By Chloe Korol
With our near-total dependency on the internet, it is likely that every Canadian citizen will have their personal information stolen or otherwise unlawfully accessed. Whether we are entering our social insurance number to apply for a credit card, accessing our test results from a recent medical appointment, or uploading our vacation photos to Facebook, we are allowing our information to be collected, stored, and vulnerable to theft from cyberhackers. Such thefts present a seemingly strong case for privacy breach class actions as they squarely fulfill the three main goals of such proceedings: they provide access to justice by consolidating what can be millions of individual claims, which thereby leverages judicial resources, and they are capable of imposing measures that ensure the defendants modify their cybersecurity practices. However, regardless of how necessary a class action may be to pursue privacy breach claims, many courts have recently denied them certification by finding that such claims do not disclose a cause of action.

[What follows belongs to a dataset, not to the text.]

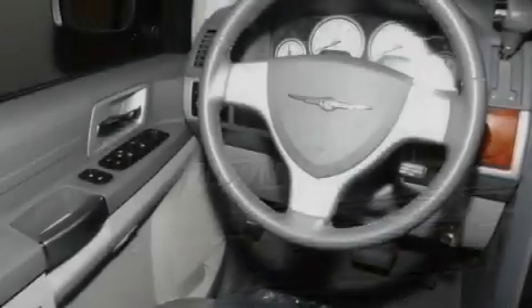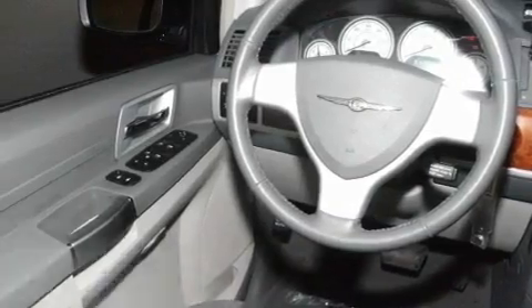Additional features include a security system, a low-tire pressure indicator, heater vents for rear-seated passengers, and this vehicle has less than 21,000 miles.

Owsianik v Equifax Canada Co., 2022 ONCA 813 and Setoguchi v Uber BV, 2023 ABCA 45 are two such examples. Both Appeal Courts denied certification by finding the claims do not amount to the torts of intrusion upon seclusion and negligence, respectively. I argue that in each case, the Court fails to fully appreciate the complexities of mass online privacy breaches at the certification stage. In neither case is it plain and obvious the claims could not succeed.
In Owsianik, the Court considered a group of three appeals where the plaintiffs pled intrusion upon seclusion against Equifax Canada, TransUnion of Canada, and Marriott International, who were alleged to be reckless in their maintaining of online databases that stored the plaintiff’s stolen information. The relatively new tort of intrusion upon seclusion is defined as an intentional or reckless invasion of the private affairs of another, without lawful justification, in circumstances in which a reasonable person would regard the invasion as highly offensive and causing distress, humiliation or anguish. The Court found there was an invasion of the plaintiffs’ private affairs, and such an invasion would cause distress and anguish. In fact, the Court comments that unlike the remedies available for negligence or breach of contract, the damages for this tort are indeed well-suited to an award on a class-wide basis. However, because it was hackers, not the defendants, who intentionally engaged in the conduct that resulted in the intrusion, the action could not succeed and therefore certification must be denied.
The Court analogizes to a scenario where a garage operator who negligently leaves keys in a vehicle is held accountable for theft when an opportunistic stranger steals the car from the garage parking lot. Expanding the tort to include the garage operator, or the defendants in this matter, exposes them to indeterminate liability. But does such an analogy hold up when considering the recklessness of a defendant whose databases are stolen in a cyberattack? For instance, unlike the garage operator, a database owner has intricate and low-cost security tools: requiring two-factor authentication, robust user passwords, and regular security audits. Also, unlike the garage operator, a database owner takes on responsibility for the massive amounts of users’ personal information that strikes at the core of a person’s concept of privacy. To properly determine the scope of the tort, further expert evidence brought at a trial of common issues could illuminate the intricacies and extent of the alleged reckless conduct.
In Setoguchi, the plaintiffs alleged Uber was negligent when they failed to provide proper security for the databases that held the drivers’ personal information that was stolen in a cyberattack. The Court held that while Uber owed the plaintiffs a duty of care, the class members could not articulate a “class-wide harm” that was sustained as a result of the theft. The Court noted that there was no evidence that the stolen information was misused and that the risk of its misuse in the future on its own does amount to damages. Further, the Court did not accept that there is any inherent value in personal information that is already publicly available.
While it may be that damages cannot be sought for the risk of misuse of personal information, the stress and anxiety caused by this risk reflect the inherent value of such information and thus articulates a class-wide harm. This argument would benefit from a full factual record that reflects the vulnerability of users who, like many plaintiffs in privacy breaches, must share their information with companies such as Uber to maintain employment and otherwise function in modern society. Additionally, methodologies for determining these types of damages on an aggregate basis are available, the validity of which can be fully examined at trial (see Sweet v Canada, 2022 FC 1228 at para 25).
Although as a policy matter class actions are necessary to achieve redress for privacy breaches, in practice courts have been reluctant to certify such cases. Nonetheless, without providing effective remedies to individuals for privacy breaches, we risk such conduct becoming commonplace and greater erosion of our concept of privacy. Courts must recognize that in our unprecedented age of information, they are required to carefully consider the factual matrix in which our technology-reliant society operates.